== INPUT

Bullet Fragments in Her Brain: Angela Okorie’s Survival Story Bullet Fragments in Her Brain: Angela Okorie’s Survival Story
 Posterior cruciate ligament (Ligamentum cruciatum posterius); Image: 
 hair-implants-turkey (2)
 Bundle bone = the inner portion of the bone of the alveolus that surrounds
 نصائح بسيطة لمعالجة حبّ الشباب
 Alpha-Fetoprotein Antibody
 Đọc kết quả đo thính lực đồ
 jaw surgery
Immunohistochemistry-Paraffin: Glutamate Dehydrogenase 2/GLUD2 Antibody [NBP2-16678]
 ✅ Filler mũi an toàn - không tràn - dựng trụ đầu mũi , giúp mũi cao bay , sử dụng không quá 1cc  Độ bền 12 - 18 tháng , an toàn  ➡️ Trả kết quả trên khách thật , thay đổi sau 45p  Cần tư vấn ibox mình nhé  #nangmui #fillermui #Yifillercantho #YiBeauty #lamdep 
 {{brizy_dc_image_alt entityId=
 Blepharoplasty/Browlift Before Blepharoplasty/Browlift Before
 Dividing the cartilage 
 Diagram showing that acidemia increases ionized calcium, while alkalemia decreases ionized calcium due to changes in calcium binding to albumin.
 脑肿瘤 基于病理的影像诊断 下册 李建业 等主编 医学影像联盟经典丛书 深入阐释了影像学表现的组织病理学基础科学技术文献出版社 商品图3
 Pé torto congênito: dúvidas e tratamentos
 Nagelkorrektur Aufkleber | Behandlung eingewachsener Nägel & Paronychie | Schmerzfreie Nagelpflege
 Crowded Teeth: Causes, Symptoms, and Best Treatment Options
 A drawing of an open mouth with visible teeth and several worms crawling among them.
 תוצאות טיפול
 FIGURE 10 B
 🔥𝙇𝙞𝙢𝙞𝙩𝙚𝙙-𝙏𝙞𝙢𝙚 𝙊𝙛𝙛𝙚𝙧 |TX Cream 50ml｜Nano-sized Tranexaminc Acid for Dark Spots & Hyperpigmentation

====

WORK TO COMPLETE | How many of the lines above contain the word "that"? Only the number should be given.

RESULT | 2